目が不自由なセシリアは、頭を下げたエルヴィンの姿を察したのか慌てて
「い、いえ、エルヴィン様。そんな謝罪などと・・・。私のうなじにあるスティグマを見てはいただけませんかとお願いしたのは私自身なんですから・・・」
「確かに、スティグマを拝見させていただく事に関しては許可をいただきましたが、つい夢中になり私の顔をセシリア殿のうなじ近くまで寄せてしまった事や、あまっさえ、故意でないにしろセシリア殿の匂いを嗅いでしまった事に対しては、申し開きもできません。
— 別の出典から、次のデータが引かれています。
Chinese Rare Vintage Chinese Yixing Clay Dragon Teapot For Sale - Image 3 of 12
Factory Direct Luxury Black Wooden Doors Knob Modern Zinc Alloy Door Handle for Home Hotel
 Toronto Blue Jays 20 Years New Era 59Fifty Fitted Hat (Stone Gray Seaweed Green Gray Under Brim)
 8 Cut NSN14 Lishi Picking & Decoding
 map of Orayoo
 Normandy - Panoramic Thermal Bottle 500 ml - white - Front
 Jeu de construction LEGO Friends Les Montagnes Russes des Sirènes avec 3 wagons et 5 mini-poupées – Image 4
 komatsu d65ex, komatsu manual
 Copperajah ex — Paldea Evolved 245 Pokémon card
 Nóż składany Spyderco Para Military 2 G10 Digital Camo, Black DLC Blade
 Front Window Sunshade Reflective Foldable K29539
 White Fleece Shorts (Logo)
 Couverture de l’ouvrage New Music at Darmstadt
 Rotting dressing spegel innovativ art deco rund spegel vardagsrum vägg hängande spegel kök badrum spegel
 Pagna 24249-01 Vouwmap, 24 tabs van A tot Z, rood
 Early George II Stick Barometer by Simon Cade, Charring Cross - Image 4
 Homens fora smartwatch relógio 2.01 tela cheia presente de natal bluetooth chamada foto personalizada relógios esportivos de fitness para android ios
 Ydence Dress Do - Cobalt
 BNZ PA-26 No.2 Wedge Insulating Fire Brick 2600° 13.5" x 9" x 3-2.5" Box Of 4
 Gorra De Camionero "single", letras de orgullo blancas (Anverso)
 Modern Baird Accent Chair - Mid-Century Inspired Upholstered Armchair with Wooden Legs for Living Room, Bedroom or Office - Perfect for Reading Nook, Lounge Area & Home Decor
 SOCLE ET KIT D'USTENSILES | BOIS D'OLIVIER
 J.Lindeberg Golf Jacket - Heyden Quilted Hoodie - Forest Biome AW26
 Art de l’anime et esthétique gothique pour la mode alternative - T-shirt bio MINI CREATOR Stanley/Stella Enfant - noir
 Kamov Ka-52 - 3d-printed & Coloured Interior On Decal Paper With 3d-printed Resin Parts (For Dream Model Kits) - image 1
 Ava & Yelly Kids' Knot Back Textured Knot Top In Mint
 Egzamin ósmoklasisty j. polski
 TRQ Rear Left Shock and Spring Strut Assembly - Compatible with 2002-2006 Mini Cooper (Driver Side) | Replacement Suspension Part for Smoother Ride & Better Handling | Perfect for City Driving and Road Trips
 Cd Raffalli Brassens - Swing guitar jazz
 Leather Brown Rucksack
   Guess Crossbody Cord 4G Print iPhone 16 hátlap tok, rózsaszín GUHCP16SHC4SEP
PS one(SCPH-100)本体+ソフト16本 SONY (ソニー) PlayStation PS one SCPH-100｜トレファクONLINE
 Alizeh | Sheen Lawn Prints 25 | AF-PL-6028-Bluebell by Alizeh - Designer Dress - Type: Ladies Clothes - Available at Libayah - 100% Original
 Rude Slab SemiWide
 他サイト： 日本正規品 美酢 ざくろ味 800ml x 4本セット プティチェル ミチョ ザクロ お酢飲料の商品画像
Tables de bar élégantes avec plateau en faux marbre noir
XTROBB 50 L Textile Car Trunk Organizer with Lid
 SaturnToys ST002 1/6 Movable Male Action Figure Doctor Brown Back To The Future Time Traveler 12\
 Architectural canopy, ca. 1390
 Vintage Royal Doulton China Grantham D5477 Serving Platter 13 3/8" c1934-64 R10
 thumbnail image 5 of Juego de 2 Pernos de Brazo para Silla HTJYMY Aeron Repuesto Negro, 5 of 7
本当に不快な思いをさせてしまい申し訳ありませんでした」
「不快だなんて・・・そんなことは・・・」
セシリアは、また顔を赤らめながら小声でつぶやく。
二人のやりとりを見ていたホトがここで口を挟む。
「ヴィオラ殿、もう、このあたりでエルヴィンを許してはくれないだろうか?こ奴は興味がある物に対してすぐ夢中になってしまう癖が子供の頃からあってな。そうなると周りが見えなくなってしまうのじゃよ。こんな奴じゃが一応わしの弟弟子にもあたるのでな、不詳な弟弟子に成り代わりそなたの敬愛する主に対して失礼があったことに対してわしもセシリア殿にお詫びを申す」
「わ、私としては、セシリア様がそれでご納得していただければこれ以上言うつもりはございません。ましてやホト様までもそのように言われてしまうと・・・」
「もう、いいですよねヴィオラ。私は全然不快な気持ちになどなってませんから心配ありません」
「はい、セシリア様がそう仰せであれば」
「うむ、ヴィオラよ、もうよいか?」
「はっ、陛下の御前にもかかわらずまた陛下の知人でもあるエルヴィン殿に対し声を荒げたこと、誠に失礼な態度を取ってしまい申し訳ございませんでした。いかようにも罰をお申しつけください」
その場を収めるようにヴィオラに声を掛けたハインリッヒ王は彼女の言に頷くと
「そちの、主に対しての忠義からの行動だ。罰などと考えるわけがない」
ハインリッヒ王は、瞳に笑みを浮かべて
「それにな、そちの主のうなじを覗いたのは何もエルヴィンだけではないぞ。ここにいる人間全てだ」
王の言葉に、アリスティッド卿、レオ、ホトも同時に頷く。
「聖託に関する我等の手立てを講ずるためには、そのスティグマは是非にも見ておきたかったからな」
「まあ・・・」
と、言ってハインリッヒ王はエルヴィンの方に視線を向けニヤリと笑うと
「セシリア司祭の匂いを嗅ぐ真似をしたのはエルヴィンだけだったのだがな、ハッハハハ」
「へ、陛下!それはわざとではなく・・・」
エルヴィンは言葉に窮する。
そんな、情けない表情のエルヴィンの姿に一同から笑いが聞こえる。
「では、皆の者。先ほど余が命じた段、すみやかに執り行うように」
「はっ、陛下!」
一同が皆、王の言葉に答える。
すると、その言葉を待ったように応接の間の入り口の扉から少女の声が、
「エルヴィン~~」
エルヴィンはその声の方に視線を向けその声の主を確認すると、穏やかでとても優しい瞳になり答える。
「ベアトリクス姫・・・」
一日遅れになってしまいました・・・。
それにしても時間が経つが早いですよね、お正月が終わり早二週間ですよ・・・。
今回もエルヴィンさんは、ホトさんのいじられキャラになってしまいましたね^^
最後に登場したベアトリクス姫!!彼女は今後エルヴィン達にどんな運命をもたらすのでしょうか?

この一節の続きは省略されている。